Tuesday, September 6, 2016

A t-test for correlated agreement coefficients and application with the R package

Researchers must often compare two groups of raters with respect to the extent to which they agree on the rating of the same group of raters.  The extent of agreement among raters of the same group can also be measured on two occasions (e.g. before and after a training session), in order to assess the effectiveness of training on improving inter-rater reliability. An agreement coefficient must then be calculated twice. The traditional statistical approach for testing the difference for statistical significance is to divide that difference by its variance before comparing that this ratio (i.e. the test statistic) to the critical value (often 1.96). If the absolute value of the t-statistic exceeds the critical value then one may conclude that the difference is statistically significant. Sometimes the p-value is calculated and used to conclude statistical significance when it falls below 0.05. However, calculating the variance of the difference can sometimes become problematic.

If the two groups of raters (or the same group observed on 2 occasions) must rate the exact same group of raters, then any agreement coefficient used (e.g. Fleiss generalized kappa, Gwet's AC1, Conger's generalized kappa, Brennan-Prediger coefficient, or Krippendorff's alpha)  will produce two correlated coefficients, making the calculation of the variance of the difference very difficult due to the embedded correlation structure.  Gwet (2016) proposed the linearization method to resolve this problem.  This approach consists of using the linear approximation to the agreement coefficient to develop the equivalent of a paired t-test. Users of the R package may use the R functions that I developed to implement the linearization method to testing the difference of two agreement coefficients for statistical significance.

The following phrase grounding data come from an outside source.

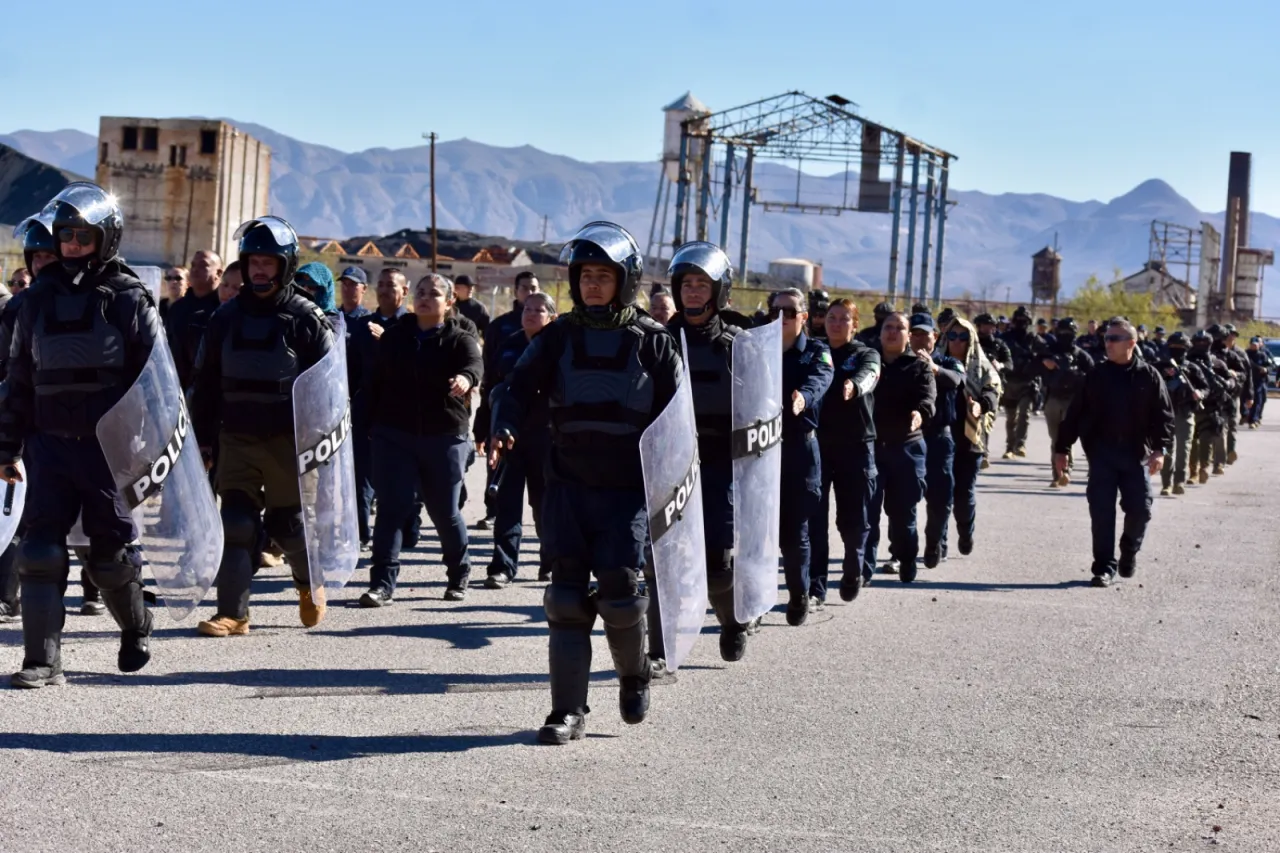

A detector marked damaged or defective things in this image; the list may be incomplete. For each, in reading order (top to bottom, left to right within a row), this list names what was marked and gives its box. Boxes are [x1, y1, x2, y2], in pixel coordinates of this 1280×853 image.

rusted metal frame structure [670, 91, 952, 303]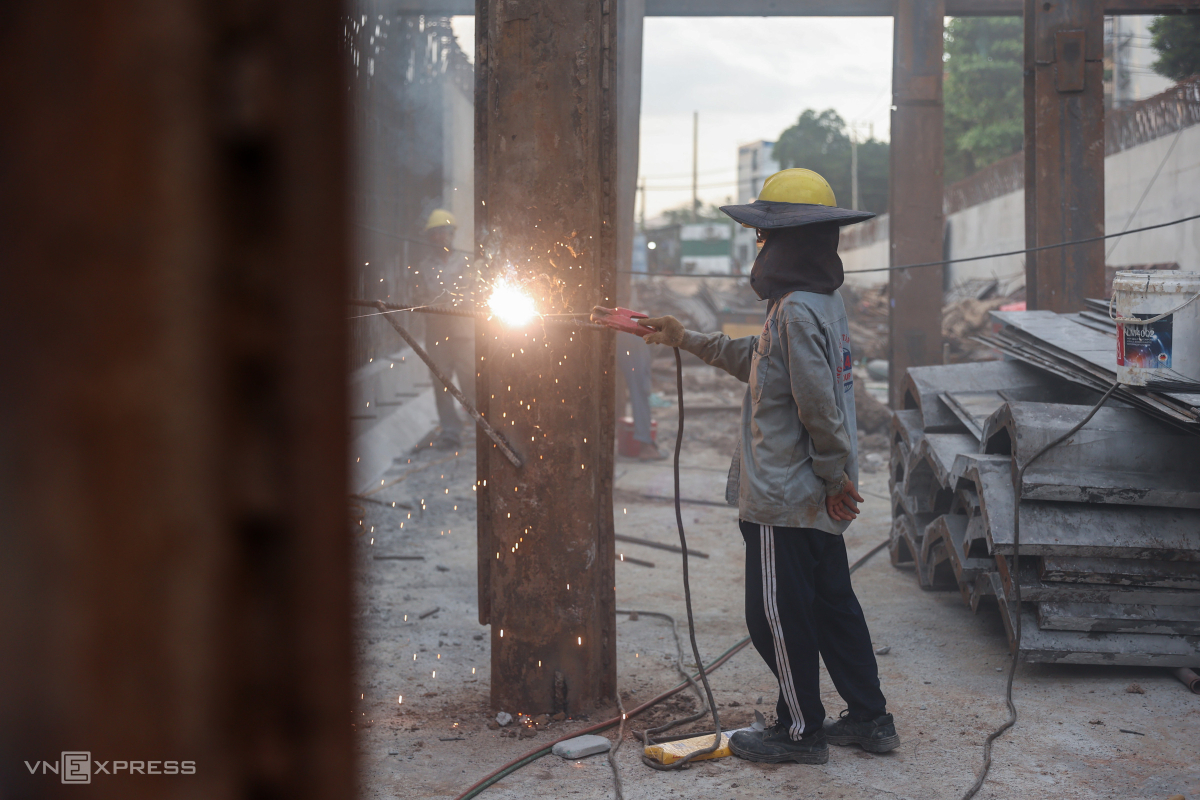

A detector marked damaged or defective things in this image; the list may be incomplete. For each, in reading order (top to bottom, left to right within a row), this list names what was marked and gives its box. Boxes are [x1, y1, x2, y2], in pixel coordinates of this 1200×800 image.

rusty steel beam [0, 0, 352, 796]
foreground rusty metal panel [0, 3, 352, 796]
rusty steel column [0, 3, 352, 796]
foreground rusty metal panel [472, 0, 614, 714]
rusty steel column [472, 0, 619, 714]
rusty steel beam [472, 0, 619, 714]
rusty steel column [888, 0, 940, 407]
rusty steel beam [888, 0, 940, 410]
foreground rusty metal panel [883, 0, 945, 410]
rusty steel column [1022, 0, 1104, 309]
foreground rusty metal panel [1022, 0, 1104, 309]
rusty steel beam [1022, 0, 1104, 311]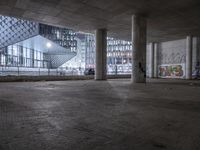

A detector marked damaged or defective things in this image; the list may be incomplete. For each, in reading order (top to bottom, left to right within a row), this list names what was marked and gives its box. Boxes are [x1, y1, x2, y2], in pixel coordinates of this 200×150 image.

cracked concrete floor [0, 79, 200, 149]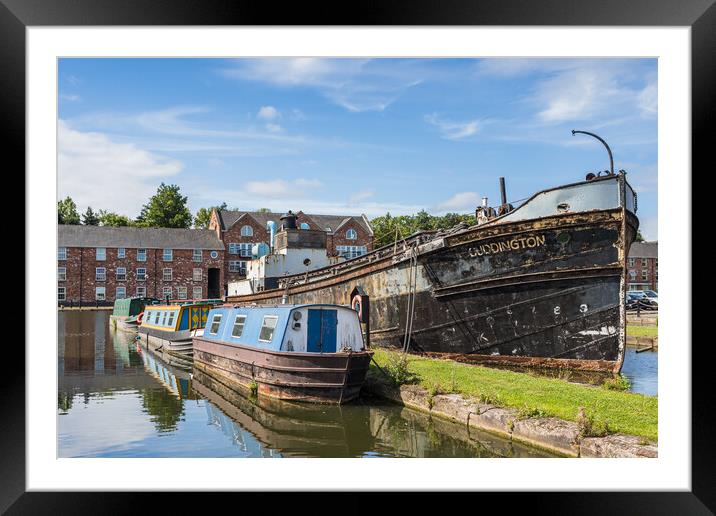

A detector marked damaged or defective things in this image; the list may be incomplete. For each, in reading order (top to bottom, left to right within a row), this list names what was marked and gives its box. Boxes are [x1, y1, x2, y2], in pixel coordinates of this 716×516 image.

rusty barge [225, 171, 636, 372]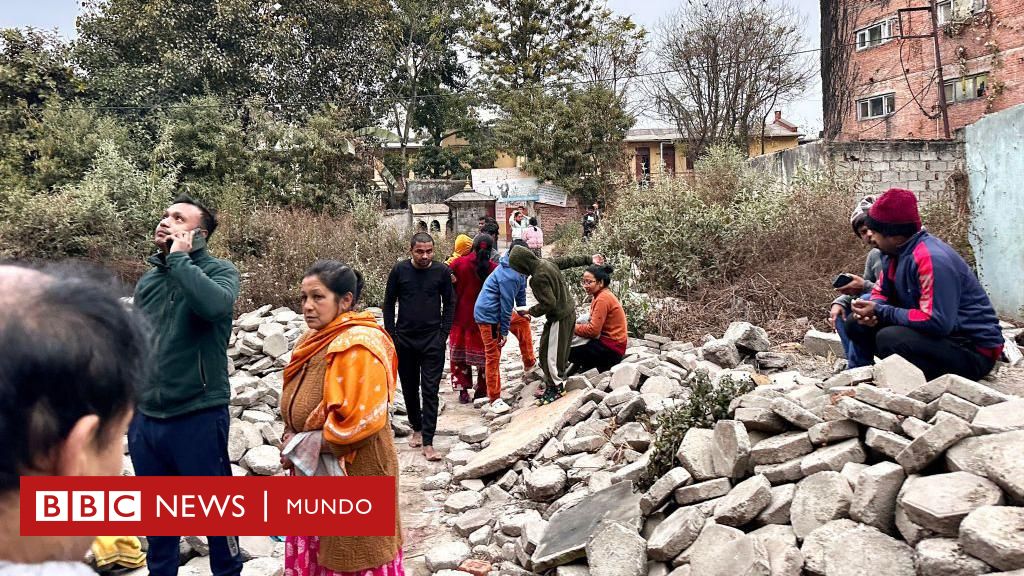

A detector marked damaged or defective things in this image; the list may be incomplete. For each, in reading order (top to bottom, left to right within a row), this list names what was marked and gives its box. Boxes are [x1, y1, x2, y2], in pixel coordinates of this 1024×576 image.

broken concrete block [872, 354, 929, 393]
broken concrete block [712, 416, 753, 475]
broken concrete block [749, 428, 811, 463]
broken concrete block [770, 397, 823, 428]
broken concrete block [798, 436, 864, 473]
broken concrete block [806, 416, 864, 444]
broken concrete block [835, 393, 901, 430]
broken concrete block [864, 426, 913, 457]
broken concrete block [897, 412, 974, 471]
broken concrete block [966, 397, 1024, 432]
broken concrete block [638, 463, 696, 512]
broken concrete block [716, 471, 770, 524]
broken concrete block [790, 471, 856, 537]
broken concrete block [847, 457, 905, 532]
broken concrete block [901, 469, 1003, 537]
broken concrete block [647, 504, 704, 557]
broken concrete block [913, 537, 991, 573]
broken concrete block [958, 506, 1024, 569]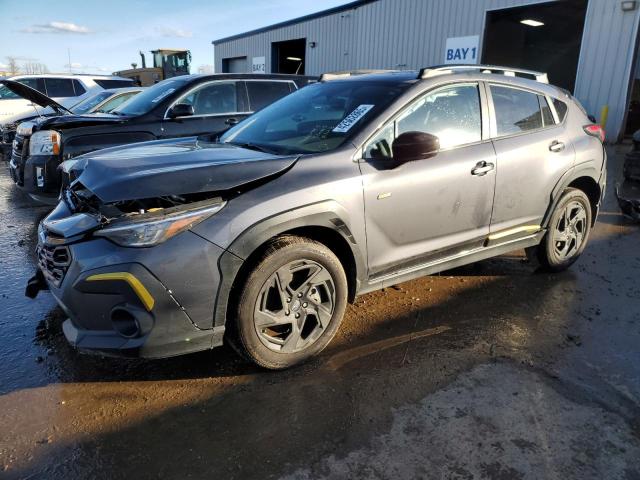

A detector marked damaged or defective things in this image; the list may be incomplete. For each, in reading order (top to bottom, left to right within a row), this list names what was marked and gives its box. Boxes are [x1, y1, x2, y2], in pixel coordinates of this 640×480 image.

broken headlight [94, 202, 225, 248]
hood damage [45, 137, 300, 240]
damaged subaru crosstrek [28, 66, 604, 368]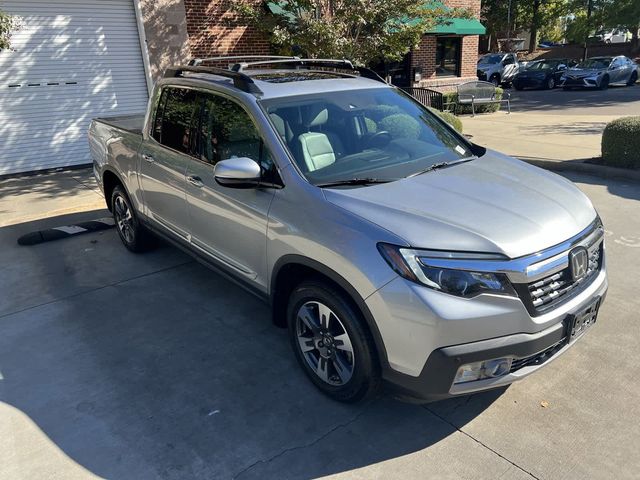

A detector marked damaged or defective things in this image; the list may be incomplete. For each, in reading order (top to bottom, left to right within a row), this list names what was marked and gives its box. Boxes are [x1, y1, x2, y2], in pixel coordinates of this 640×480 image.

pavement crack [231, 402, 372, 480]
pavement crack [424, 404, 540, 480]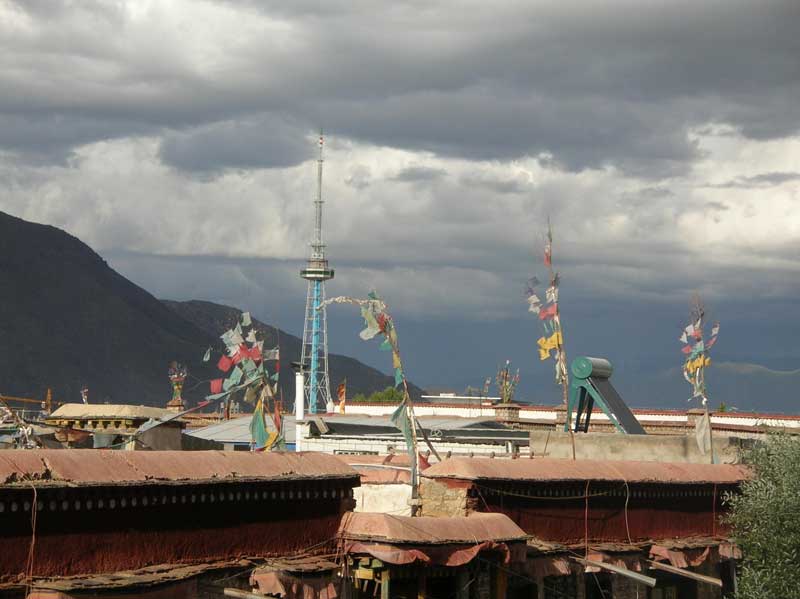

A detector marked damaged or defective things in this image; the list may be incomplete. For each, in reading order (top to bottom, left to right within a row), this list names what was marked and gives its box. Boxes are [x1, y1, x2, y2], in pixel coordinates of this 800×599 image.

rusty metal roof [0, 450, 358, 488]
rusty metal roof [424, 458, 752, 486]
rusty metal roof [340, 510, 528, 544]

Gwet, K. L. (2016). Testing the Difference of Correlated Agreement Coefficients for Statistical Significance, Educational and Psychological Measurement, Vol 76(4) 609-637

Saturday, August 22, 2015

Standard Error of Krippendorff's Alpha Coefficient

On August 9, 2015, I received an email from a researcher of the University of Manchester about the standard error associated with Krippendorff's alpha coefficient.  He was asking why my software AgreeStat for Excel produces a standard error for Krippendorff's alpha that is always higher than that produced by Dr. Hayes' SAS macro and SPSS macro called KALPHA. On this isssue, I like to make two comments:

1) AgreeStat uses a variance expression given in equation (7) of the document entitled "On Krippendorff's Alpha," while the KALPHA macro is based on the bootstrap standard error.  However, the use of these two approaches cannot and should not explain the observed difference in standard error estimations.

2) I do not recommend using Dr Hayes’ macro programs for computing the standard error of Krippendorff’s alpha.  It always underestimates (often by a wide margin) the magnitude of the standard error associated with Krippendorff’s alpha.  Here is why I believe so.  In his paper “Answering the Call for a Standard Reliability Measure for Coding Data,” released in 2007 and co-authored by Krippendorff himself , Dr Hayes says the following regarding the algorithm he has used:  

The bootstrap sampling distribution of alpha is generated by taking a random sample of 239 pairs of judgments from the available pairs, weighted by how many observers judged a given unit. Alpha is computed in this “resample” of 239 pairs, and this process is repeated very many times, producing the bootstrap sampling distribution of Alpha.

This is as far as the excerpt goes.